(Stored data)
..............................
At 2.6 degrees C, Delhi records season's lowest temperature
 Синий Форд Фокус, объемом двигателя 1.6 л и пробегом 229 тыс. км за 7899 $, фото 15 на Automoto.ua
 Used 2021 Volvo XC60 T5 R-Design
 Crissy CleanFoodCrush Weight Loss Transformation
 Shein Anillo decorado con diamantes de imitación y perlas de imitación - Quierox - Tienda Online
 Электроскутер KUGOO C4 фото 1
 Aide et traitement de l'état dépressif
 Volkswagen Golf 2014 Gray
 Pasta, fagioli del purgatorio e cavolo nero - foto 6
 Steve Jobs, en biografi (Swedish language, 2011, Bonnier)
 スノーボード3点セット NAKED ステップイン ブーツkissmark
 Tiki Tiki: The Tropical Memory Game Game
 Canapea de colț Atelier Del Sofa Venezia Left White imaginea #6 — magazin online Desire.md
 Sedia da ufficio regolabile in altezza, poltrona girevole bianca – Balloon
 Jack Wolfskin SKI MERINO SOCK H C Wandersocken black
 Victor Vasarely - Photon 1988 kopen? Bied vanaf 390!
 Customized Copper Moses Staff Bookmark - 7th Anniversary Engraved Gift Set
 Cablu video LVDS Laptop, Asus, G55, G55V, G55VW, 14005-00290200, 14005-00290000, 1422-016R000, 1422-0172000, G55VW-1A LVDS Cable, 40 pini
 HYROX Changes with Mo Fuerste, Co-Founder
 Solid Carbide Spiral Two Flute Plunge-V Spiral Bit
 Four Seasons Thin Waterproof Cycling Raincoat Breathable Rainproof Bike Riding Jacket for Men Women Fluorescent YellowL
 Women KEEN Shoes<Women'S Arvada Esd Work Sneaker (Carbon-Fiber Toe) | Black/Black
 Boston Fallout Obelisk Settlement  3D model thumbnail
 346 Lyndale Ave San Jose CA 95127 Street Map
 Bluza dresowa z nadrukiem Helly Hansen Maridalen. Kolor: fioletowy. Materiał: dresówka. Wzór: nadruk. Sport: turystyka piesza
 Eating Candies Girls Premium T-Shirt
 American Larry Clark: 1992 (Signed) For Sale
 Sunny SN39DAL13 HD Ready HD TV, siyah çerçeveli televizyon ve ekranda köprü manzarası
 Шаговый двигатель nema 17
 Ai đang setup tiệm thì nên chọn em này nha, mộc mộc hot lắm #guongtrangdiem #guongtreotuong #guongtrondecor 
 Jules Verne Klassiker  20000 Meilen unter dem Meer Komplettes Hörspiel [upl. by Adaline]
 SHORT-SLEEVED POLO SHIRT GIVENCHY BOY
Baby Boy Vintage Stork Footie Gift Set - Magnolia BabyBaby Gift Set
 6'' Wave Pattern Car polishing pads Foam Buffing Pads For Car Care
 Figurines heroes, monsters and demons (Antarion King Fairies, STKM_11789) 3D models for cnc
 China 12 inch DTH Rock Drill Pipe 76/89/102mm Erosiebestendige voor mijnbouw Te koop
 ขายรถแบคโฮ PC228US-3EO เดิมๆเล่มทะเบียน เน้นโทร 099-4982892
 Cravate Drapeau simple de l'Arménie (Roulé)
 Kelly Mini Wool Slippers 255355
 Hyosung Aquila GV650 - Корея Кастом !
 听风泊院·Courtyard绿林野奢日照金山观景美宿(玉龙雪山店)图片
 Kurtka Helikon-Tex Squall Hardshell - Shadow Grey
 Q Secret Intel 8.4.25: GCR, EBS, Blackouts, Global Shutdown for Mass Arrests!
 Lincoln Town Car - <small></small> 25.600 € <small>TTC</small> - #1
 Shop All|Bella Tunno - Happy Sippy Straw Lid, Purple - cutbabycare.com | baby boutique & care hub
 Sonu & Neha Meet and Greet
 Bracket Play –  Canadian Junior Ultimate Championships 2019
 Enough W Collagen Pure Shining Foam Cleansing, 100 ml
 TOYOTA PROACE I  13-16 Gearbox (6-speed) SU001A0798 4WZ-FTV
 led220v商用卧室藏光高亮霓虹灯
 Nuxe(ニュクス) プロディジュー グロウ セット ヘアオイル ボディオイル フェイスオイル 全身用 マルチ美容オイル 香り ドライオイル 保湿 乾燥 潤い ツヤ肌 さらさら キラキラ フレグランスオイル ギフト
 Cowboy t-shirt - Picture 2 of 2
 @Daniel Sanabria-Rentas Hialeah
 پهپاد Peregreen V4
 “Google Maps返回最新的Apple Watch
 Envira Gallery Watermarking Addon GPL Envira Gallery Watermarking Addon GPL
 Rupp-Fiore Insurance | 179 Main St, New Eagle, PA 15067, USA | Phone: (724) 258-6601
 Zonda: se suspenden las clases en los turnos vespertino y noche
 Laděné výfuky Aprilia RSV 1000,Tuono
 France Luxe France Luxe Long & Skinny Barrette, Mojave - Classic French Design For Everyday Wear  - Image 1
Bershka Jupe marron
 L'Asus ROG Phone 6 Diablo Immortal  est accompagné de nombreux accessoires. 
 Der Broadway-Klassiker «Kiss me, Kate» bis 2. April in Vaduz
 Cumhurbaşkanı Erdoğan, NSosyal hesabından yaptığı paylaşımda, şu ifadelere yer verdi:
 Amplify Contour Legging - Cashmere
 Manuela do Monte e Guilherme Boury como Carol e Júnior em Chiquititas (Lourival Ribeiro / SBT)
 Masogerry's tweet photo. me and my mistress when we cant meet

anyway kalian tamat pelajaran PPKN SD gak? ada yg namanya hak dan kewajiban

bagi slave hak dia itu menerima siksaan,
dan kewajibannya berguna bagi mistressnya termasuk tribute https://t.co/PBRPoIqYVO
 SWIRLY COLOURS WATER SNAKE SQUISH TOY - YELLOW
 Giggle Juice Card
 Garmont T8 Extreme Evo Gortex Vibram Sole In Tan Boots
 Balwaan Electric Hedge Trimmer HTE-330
..............................
[Brief]: In this exercise, repeat the entries above verbatim.

[Answer area]:
At 2.6 degrees C, Delhi records season's lowest temperature
 Синий Форд Фокус, объемом двигателя 1.6 л и пробегом 229 тыс. км за 7899 $, фото 15 на Automoto.ua
 Used 2021 Volvo XC60 T5 R-Design
 Crissy CleanFoodCrush Weight Loss Transformation
 Shein Anillo decorado con diamantes de imitación y perlas de imitación - Quierox - Tienda Online
 Электроскутер KUGOO C4 фото 1
 Aide et traitement de l'état dépressif
 Volkswagen Golf 2014 Gray
 Pasta, fagioli del purgatorio e cavolo nero - foto 6
 Steve Jobs, en biografi (Swedish language, 2011, Bonnier)
 スノーボード3点セット NAKED ステップイン ブーツkissmark
 Tiki Tiki: The Tropical Memory Game Game
 Canapea de colț Atelier Del Sofa Venezia Left White imaginea #6 — magazin online Desire.md
 Sedia da ufficio regolabile in altezza, poltrona girevole bianca – Balloon
 Jack Wolfskin SKI MERINO SOCK H C Wandersocken black
 Victor Vasarely - Photon 1988 kopen? Bied vanaf 390!
 Customized Copper Moses Staff Bookmark - 7th Anniversary Engraved Gift Set
 Cablu video LVDS Laptop, Asus, G55, G55V, G55VW, 14005-00290200, 14005-00290000, 1422-016R000, 1422-0172000, G55VW-1A LVDS Cable, 40 pini
 HYROX Changes with Mo Fuerste, Co-Founder
 Solid Carbide Spiral Two Flute Plunge-V Spiral Bit
 Four Seasons Thin Waterproof Cycling Raincoat Breathable Rainproof Bike Riding Jacket for Men Women Fluorescent YellowL
 Women KEEN Shoes<Women'S Arvada Esd Work Sneaker (Carbon-Fiber Toe) | Black/Black
 Boston Fallout Obelisk Settlement  3D model thumbnail
 346 Lyndale Ave San Jose CA 95127 Street Map
 Bluza dresowa z nadrukiem Helly Hansen Maridalen. Kolor: fioletowy. Materiał: dresówka. Wzór: nadruk. Sport: turystyka piesza
 Eating Candies Girls Premium T-Shirt
 American Larry Clark: 1992 (Signed) For Sale
 Sunny SN39DAL13 HD Ready HD TV, siyah çerçeveli televizyon ve ekranda köprü manzarası
 Шаговый двигатель nema 17
 Ai đang setup tiệm thì nên chọn em này nha, mộc mộc hot lắm #guongtrangdiem #guongtreotuong #guongtrondecor 
 Jules Verne Klassiker  20000 Meilen unter dem Meer Komplettes Hörspiel [upl. by Adaline]
 SHORT-SLEEVED POLO SHIRT GIVENCHY BOY
Baby Boy Vintage Stork Footie Gift Set - Magnolia BabyBaby Gift Set
 6'' Wave Pattern Car polishing pads Foam Buffing Pads For Car Care
 Figurines heroes, monsters and demons (Antarion King Fairies, STKM_11789) 3D models for cnc
 China 12 inch DTH Rock Drill Pipe 76/89/102mm Erosiebestendige voor mijnbouw Te koop
 ขายรถแบคโฮ PC228US-3EO เดิมๆเล่มทะเบียน เน้นโทร 099-4982892
 Cravate Drapeau simple de l'Arménie (Roulé)
 Kelly Mini Wool Slippers 255355
 Hyosung Aquila GV650 - Корея Кастом !
 听风泊院·Courtyard绿林野奢日照金山观景美宿(玉龙雪山店)图片
 Kurtka Helikon-Tex Squall Hardshell - Shadow Grey
 Q Secret Intel 8.4.25: GCR, EBS, Blackouts, Global Shutdown for Mass Arrests!
 Lincoln Town Car - <small></small> 25.600 € <small>TTC</small> - #1
 Shop All|Bella Tunno - Happy Sippy Straw Lid, Purple - cutbabycare.com | baby boutique & care hub
 Sonu & Neha Meet and Greet
 Bracket Play –  Canadian Junior Ultimate Championships 2019
 Enough W Collagen Pure Shining Foam Cleansing, 100 ml
 TOYOTA PROACE I  13-16 Gearbox (6-speed) SU001A0798 4WZ-FTV
 led220v商用卧室藏光高亮霓虹灯
 Nuxe(ニュクス) プロディジュー グロウ セット ヘアオイル ボディオイル フェイスオイル 全身用 マルチ美容オイル 香り ドライオイル 保湿 乾燥 潤い ツヤ肌 さらさら キラキラ フレグランスオイル ギフト
 Cowboy t-shirt - Picture 2 of 2
 @Daniel Sanabria-Rentas Hialeah
 پهپاد Peregreen V4
 “Google Maps返回最新的Apple Watch
 Envira Gallery Watermarking Addon GPL Envira Gallery Watermarking Addon GPL
 Rupp-Fiore Insurance | 179 Main St, New Eagle, PA 15067, USA | Phone: (724) 258-6601
 Zonda: se suspenden las clases en los turnos vespertino y noche
 Laděné výfuky Aprilia RSV 1000,Tuono
 France Luxe France Luxe Long & Skinny Barrette, Mojave - Classic French Design For Everyday Wear  - Image 1
Bershka Jupe marron
 L'Asus ROG Phone 6 Diablo Immortal  est accompagné de nombreux accessoires. 
 Der Broadway-Klassiker «Kiss me, Kate» bis 2. April in Vaduz
 Cumhurbaşkanı Erdoğan, NSosyal hesabından yaptığı paylaşımda, şu ifadelere yer verdi:
 Amplify Contour Legging - Cashmere
 Manuela do Monte e Guilherme Boury como Carol e Júnior em Chiquititas (Lourival Ribeiro / SBT)
 Masogerry's tweet photo. me and my mistress when we cant meet

anyway kalian tamat pelajaran PPKN SD gak? ada yg namanya hak dan kewajiban

bagi slave hak dia itu menerima siksaan,
dan kewajibannya berguna bagi mistressnya termasuk tribute https://t.co/PBRPoIqYVO
 SWIRLY COLOURS WATER SNAKE SQUISH TOY - YELLOW
 Giggle Juice Card
 Garmont T8 Extreme Evo Gortex Vibram Sole In Tan Boots
 Balwaan Electric Hedge Trimmer HTE-330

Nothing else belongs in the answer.